> Task to complete
Output each entry verbatim. Leave the images out.
─── Entries shown
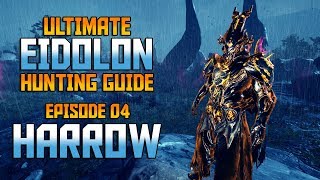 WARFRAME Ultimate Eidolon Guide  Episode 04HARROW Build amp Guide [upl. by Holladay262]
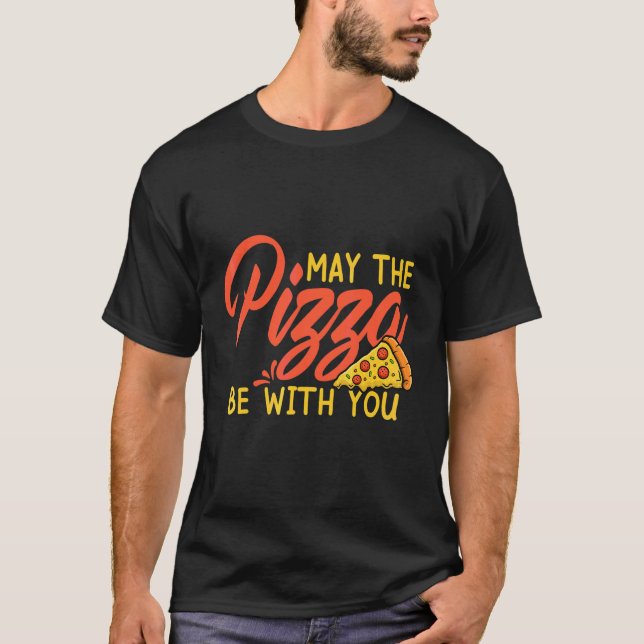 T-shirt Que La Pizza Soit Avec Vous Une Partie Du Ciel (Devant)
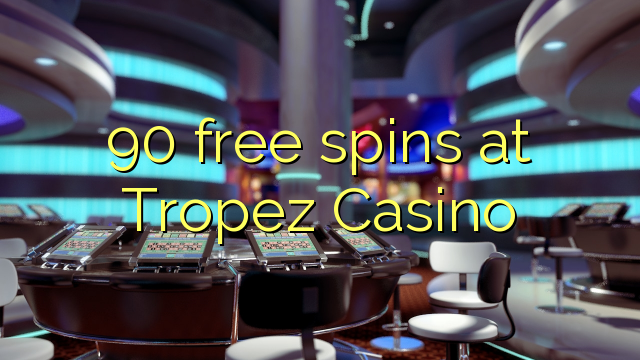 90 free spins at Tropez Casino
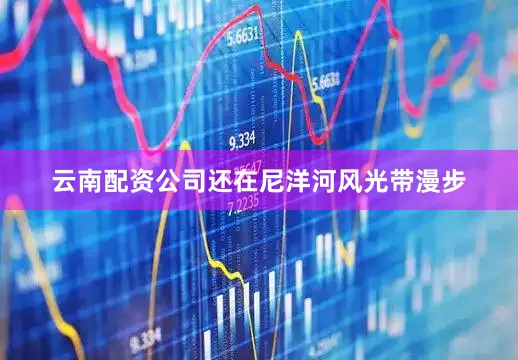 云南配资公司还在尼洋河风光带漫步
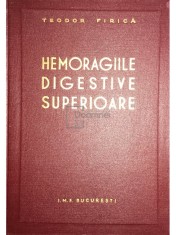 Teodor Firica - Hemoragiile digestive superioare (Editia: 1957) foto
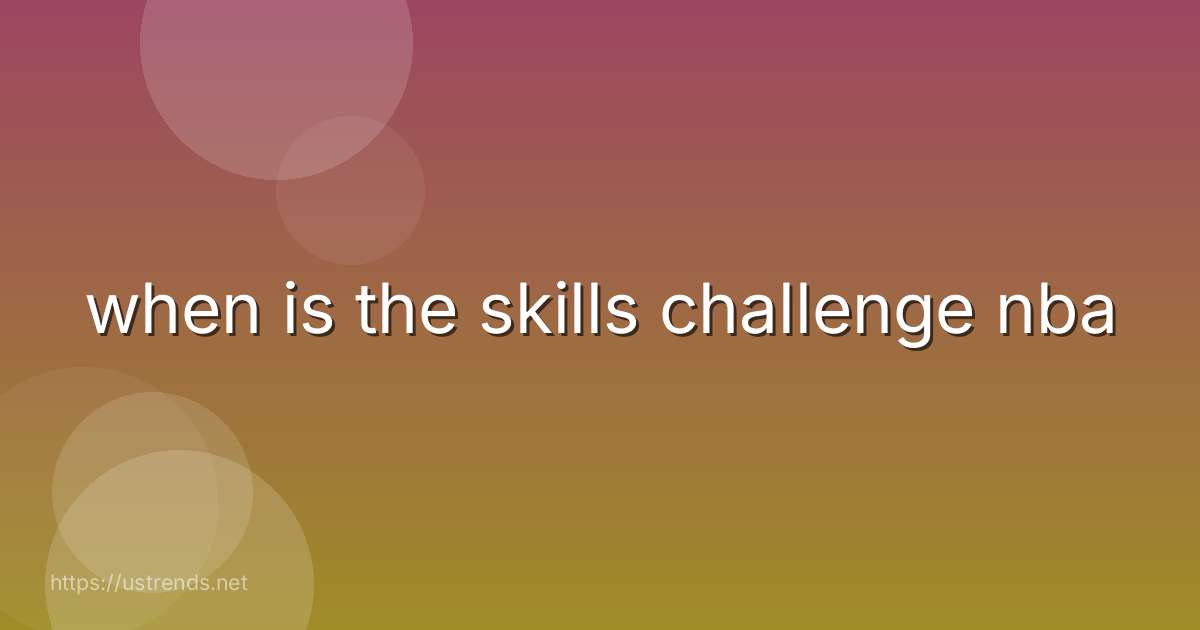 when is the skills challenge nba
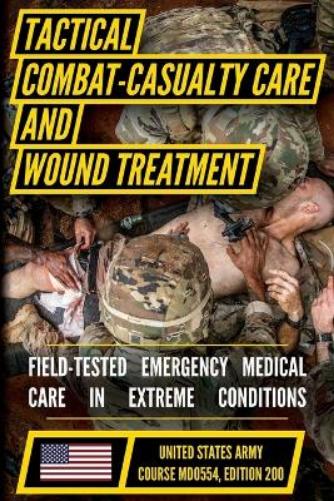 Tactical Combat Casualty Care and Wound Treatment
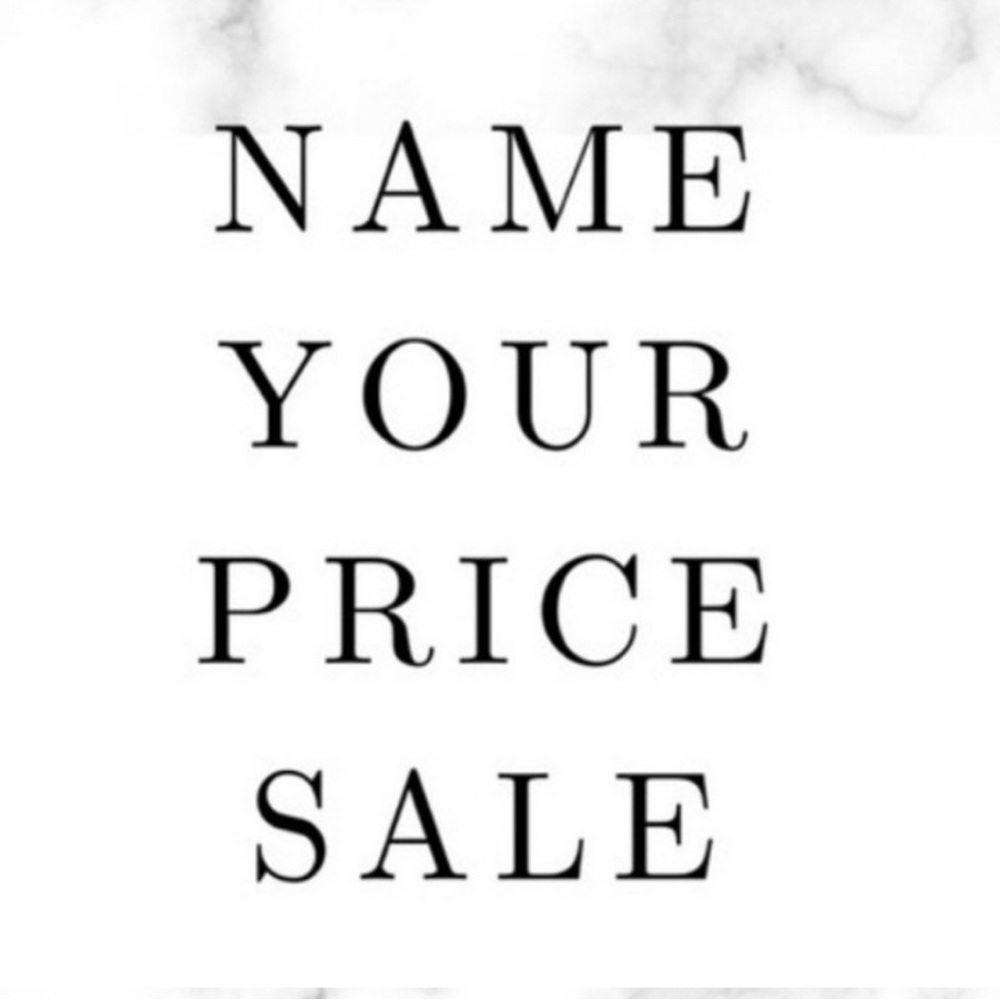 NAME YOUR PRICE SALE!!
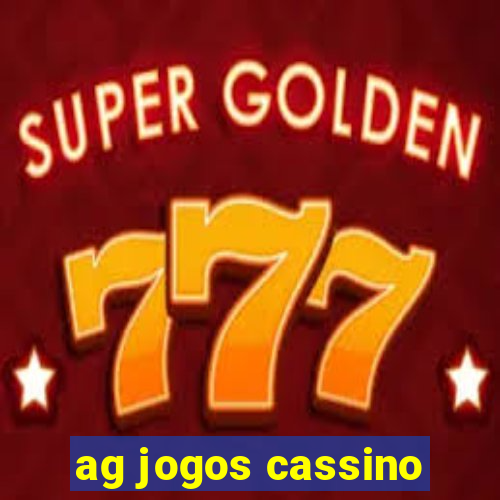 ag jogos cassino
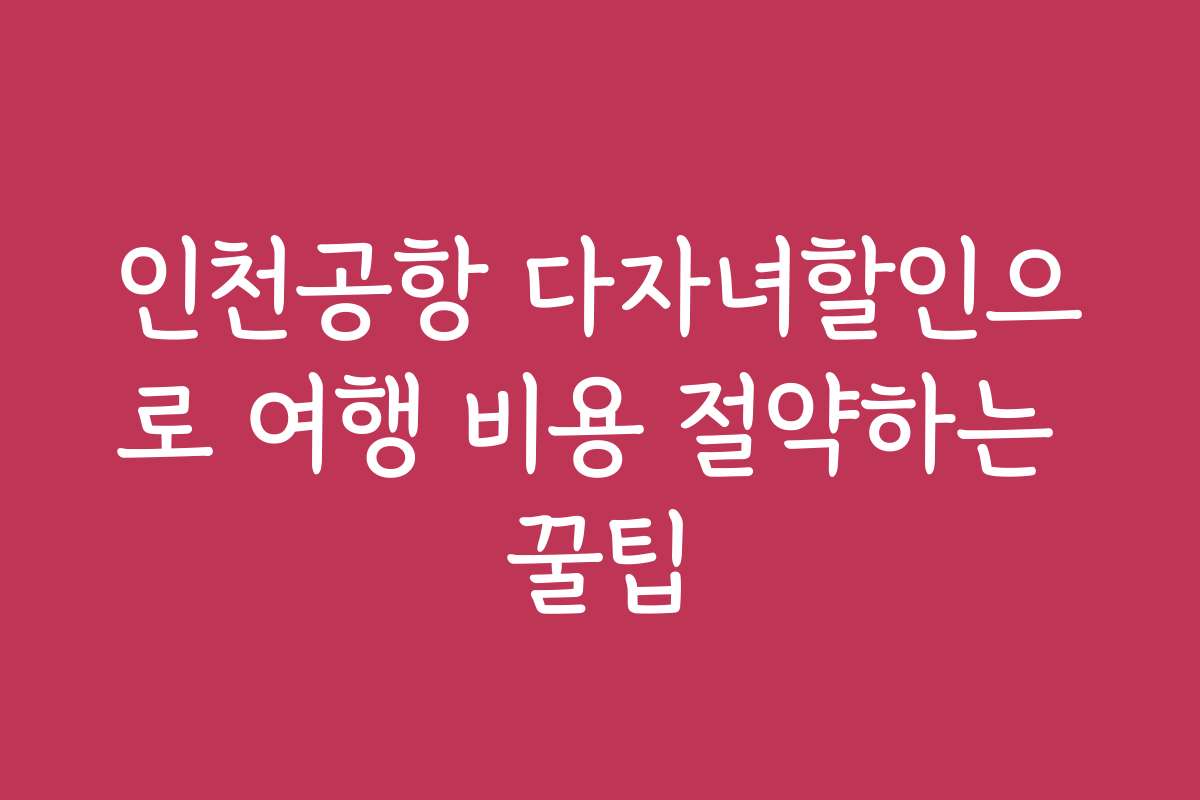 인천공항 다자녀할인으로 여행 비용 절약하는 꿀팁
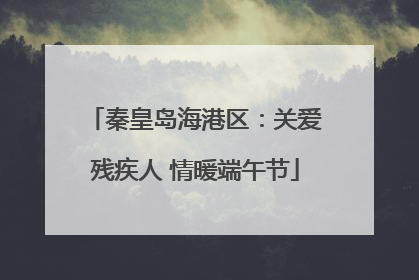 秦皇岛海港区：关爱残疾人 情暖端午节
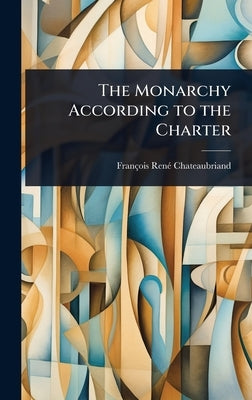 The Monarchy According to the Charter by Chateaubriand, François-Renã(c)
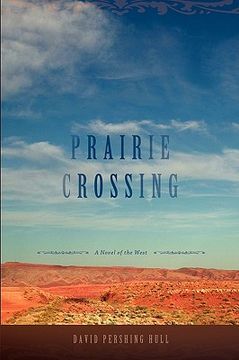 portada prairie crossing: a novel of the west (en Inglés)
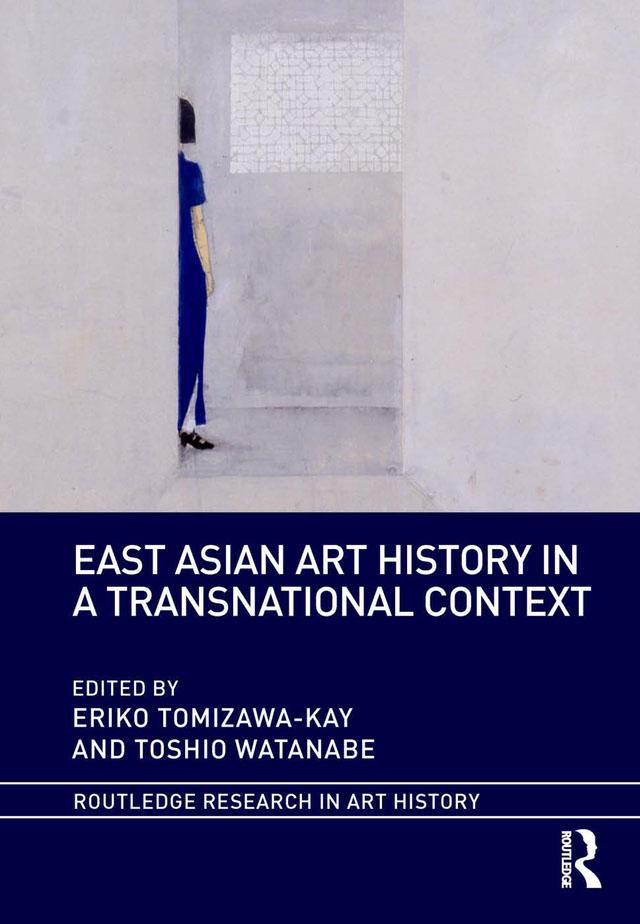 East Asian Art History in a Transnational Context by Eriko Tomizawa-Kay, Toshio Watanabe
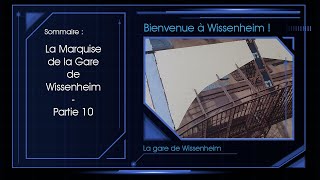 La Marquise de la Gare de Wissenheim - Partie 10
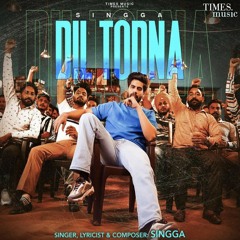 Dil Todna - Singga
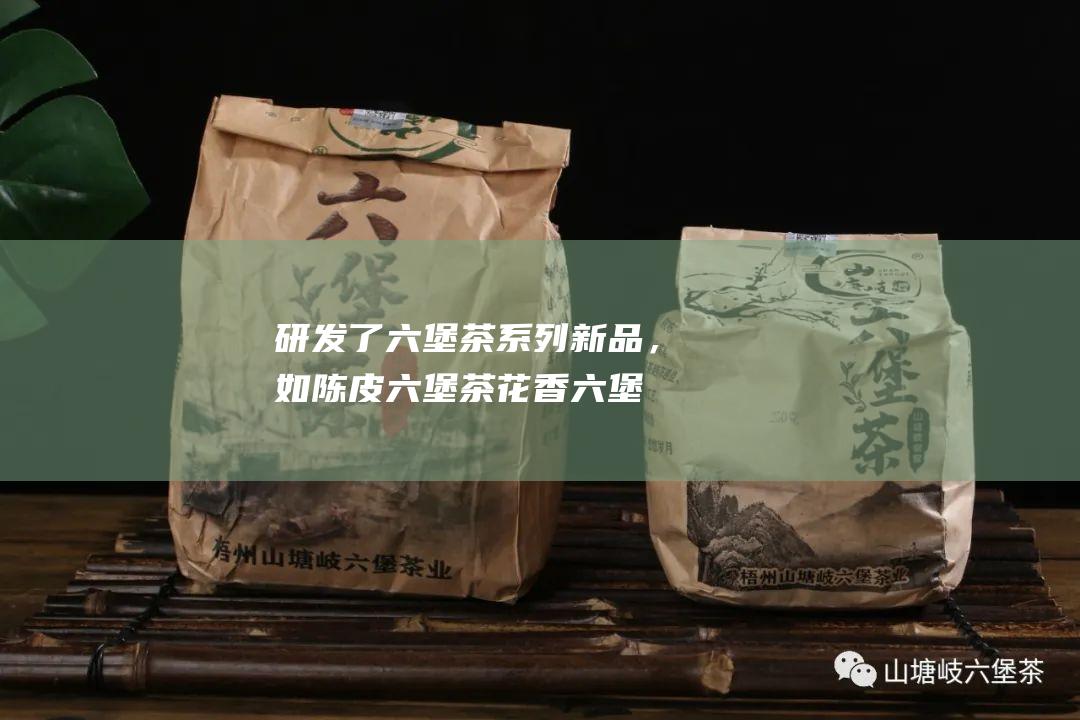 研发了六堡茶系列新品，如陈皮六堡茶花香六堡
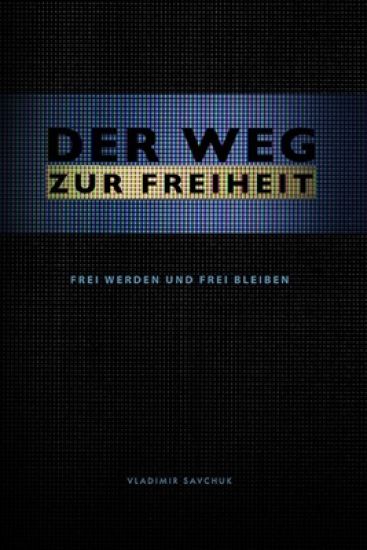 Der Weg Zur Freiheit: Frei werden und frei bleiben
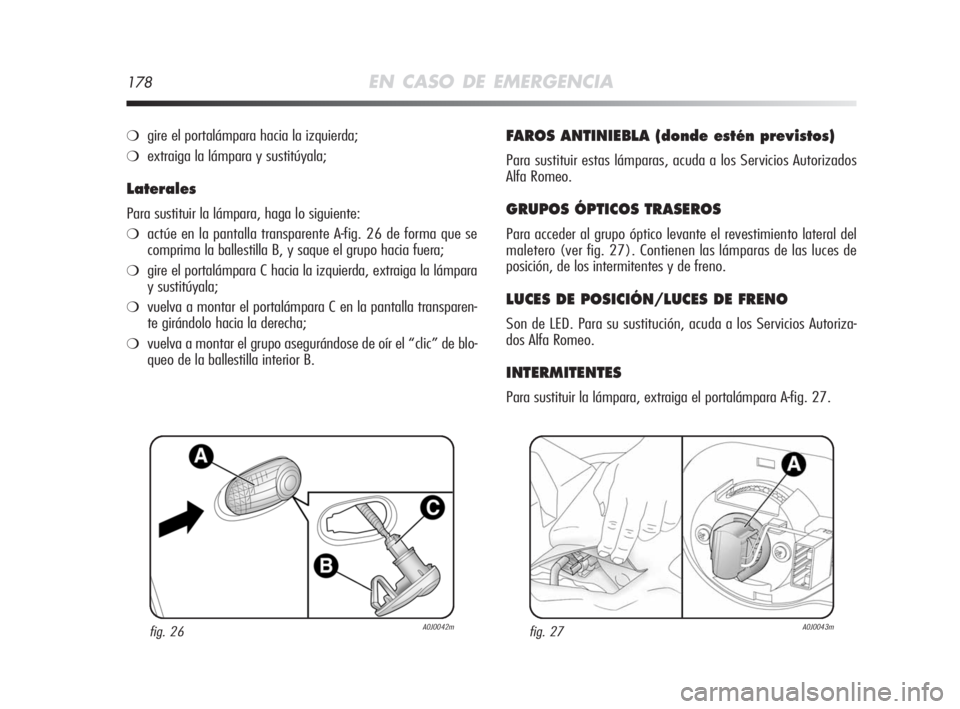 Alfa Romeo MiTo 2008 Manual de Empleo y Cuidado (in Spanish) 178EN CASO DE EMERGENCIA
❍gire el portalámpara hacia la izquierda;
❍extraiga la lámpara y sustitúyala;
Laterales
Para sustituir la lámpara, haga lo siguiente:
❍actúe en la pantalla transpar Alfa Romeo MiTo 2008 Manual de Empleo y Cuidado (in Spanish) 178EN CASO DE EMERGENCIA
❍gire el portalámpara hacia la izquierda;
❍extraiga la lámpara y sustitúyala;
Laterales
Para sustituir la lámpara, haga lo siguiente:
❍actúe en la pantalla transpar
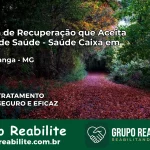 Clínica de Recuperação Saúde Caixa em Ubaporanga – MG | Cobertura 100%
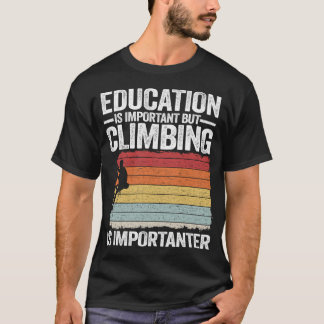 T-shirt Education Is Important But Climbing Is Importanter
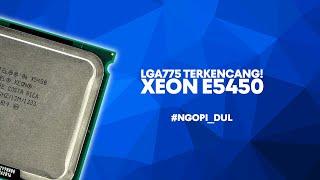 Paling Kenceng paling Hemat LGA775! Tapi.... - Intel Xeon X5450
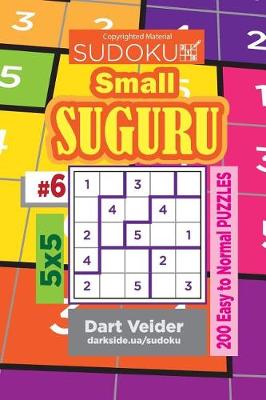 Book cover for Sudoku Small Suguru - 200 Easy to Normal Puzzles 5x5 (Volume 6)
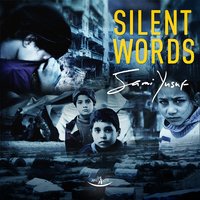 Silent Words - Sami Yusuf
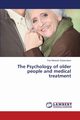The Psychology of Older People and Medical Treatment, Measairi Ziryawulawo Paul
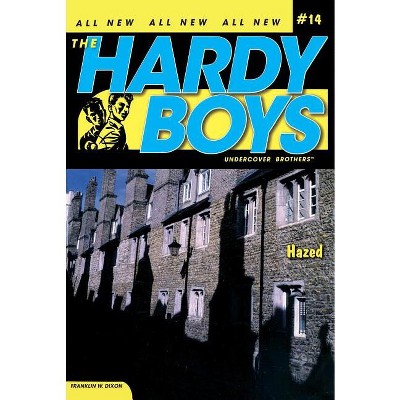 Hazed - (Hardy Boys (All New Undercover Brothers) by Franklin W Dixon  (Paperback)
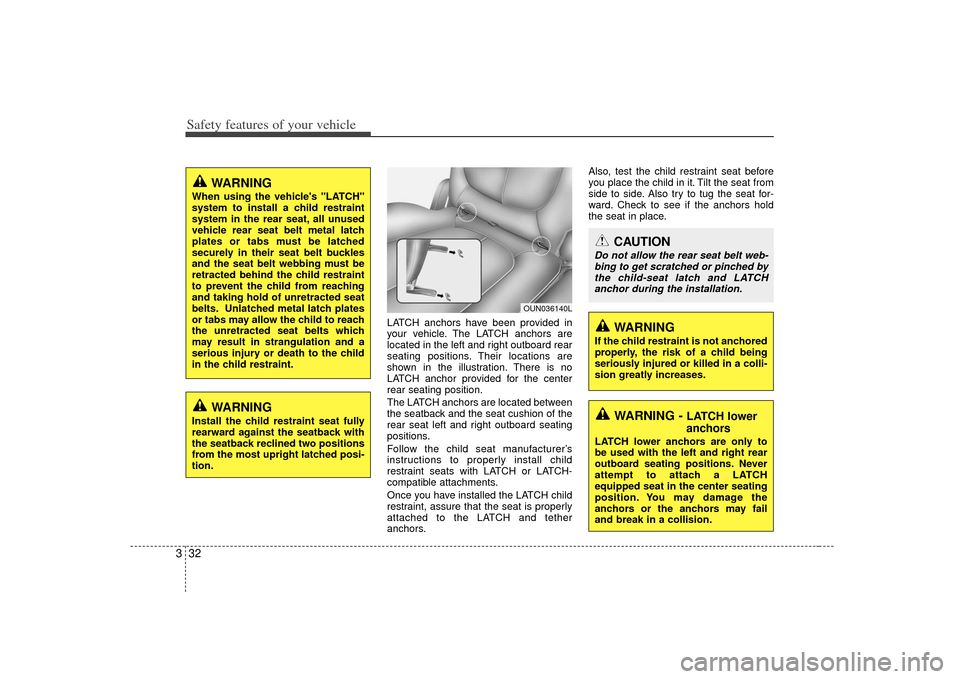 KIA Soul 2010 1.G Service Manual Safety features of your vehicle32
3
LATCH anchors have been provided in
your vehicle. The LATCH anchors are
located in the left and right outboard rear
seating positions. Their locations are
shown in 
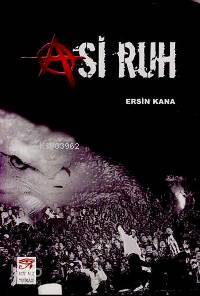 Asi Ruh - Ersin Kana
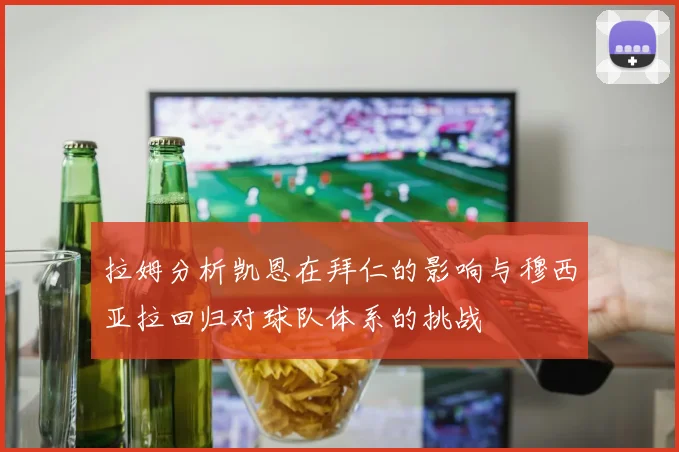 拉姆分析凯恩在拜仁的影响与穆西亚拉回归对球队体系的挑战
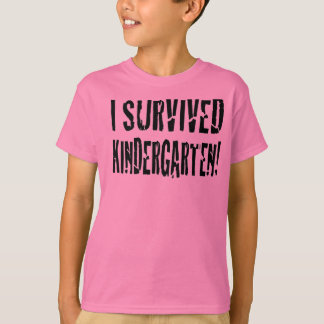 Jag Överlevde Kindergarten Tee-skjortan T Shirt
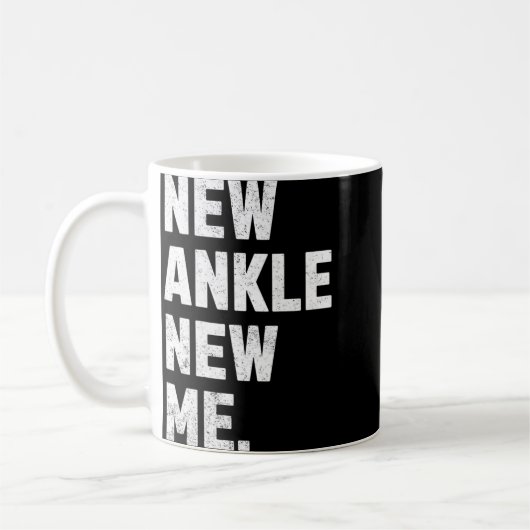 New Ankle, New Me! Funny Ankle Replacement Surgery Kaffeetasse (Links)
──────
> Problem solution
 WARFRAME Ultimate Eidolon Guide  Episode 04HARROW Build amp Guide [upl. by Holladay262]
 T-shirt Que La Pizza Soit Avec Vous Une Partie Du Ciel (Devant)
 90 free spins at Tropez Casino
 云南配资公司还在尼洋河风光带漫步
 Teodor Firica - Hemoragiile digestive superioare (Editia: 1957) foto
 when is the skills challenge nba
 Tactical Combat Casualty Care and Wound Treatment
 NAME YOUR PRICE SALE!!
 ag jogos cassino
 인천공항 다자녀할인으로 여행 비용 절약하는 꿀팁
 秦皇岛海港区：关爱残疾人 情暖端午节
 The Monarchy According to the Charter by Chateaubriand, François-Renã(c)
 portada prairie crossing: a novel of the west (en Inglés)
 East Asian Art History in a Transnational Context by Eriko Tomizawa-Kay, Toshio Watanabe
 La Marquise de la Gare de Wissenheim - Partie 10
 Dil Todna - Singga
 研发了六堡茶系列新品，如陈皮六堡茶花香六堡
 Der Weg Zur Freiheit: Frei werden und frei bleiben
 Alfa Romeo MiTo 2008 Manual de Empleo y Cuidado (in Spanish) 178EN CASO DE EMERGENCIA
❍gire el portalámpara hacia la izquierda;
❍extraiga la lámpara y sustitúyala;
Laterales
Para sustituir la lámpara, haga lo siguiente:
❍actúe en la pantalla transpar Alfa Romeo MiTo 2008 Manual de Empleo y Cuidado (in Spanish) 178EN CASO DE EMERGENCIA
❍gire el portalámpara hacia la izquierda;
❍extraiga la lámpara y sustitúyala;
Laterales
Para sustituir la lámpara, haga lo siguiente:
❍actúe en la pantalla transpar
 Clínica de Recuperação Saúde Caixa em Ubaporanga – MG | Cobertura 100%
 T-shirt Education Is Important But Climbing Is Importanter
 Paling Kenceng paling Hemat LGA775! Tapi.... - Intel Xeon X5450
 Book cover for Sudoku Small Suguru - 200 Easy to Normal Puzzles 5x5 (Volume 6)
 Silent Words - Sami Yusuf
The Psychology of Older People and Medical Treatment, Measairi Ziryawulawo Paul
 Hazed - (Hardy Boys (All New Undercover Brothers) by Franklin W Dixon  (Paperback)
 KIA Soul 2010 1.G Service Manual Safety features of your vehicle32
3
LATCH anchors have been provided in
your vehicle. The LATCH anchors are
located in the left and right outboard rear
seating positions. Their locations are
shown in 
 Asi Ruh - Ersin Kana
 拉姆分析凯恩在拜仁的影响与穆西亚拉回归对球队体系的挑战
 Jag Överlevde Kindergarten Tee-skjortan T Shirt
 New Ankle, New Me! Funny Ankle Replacement Surgery Kaffeetasse (Links)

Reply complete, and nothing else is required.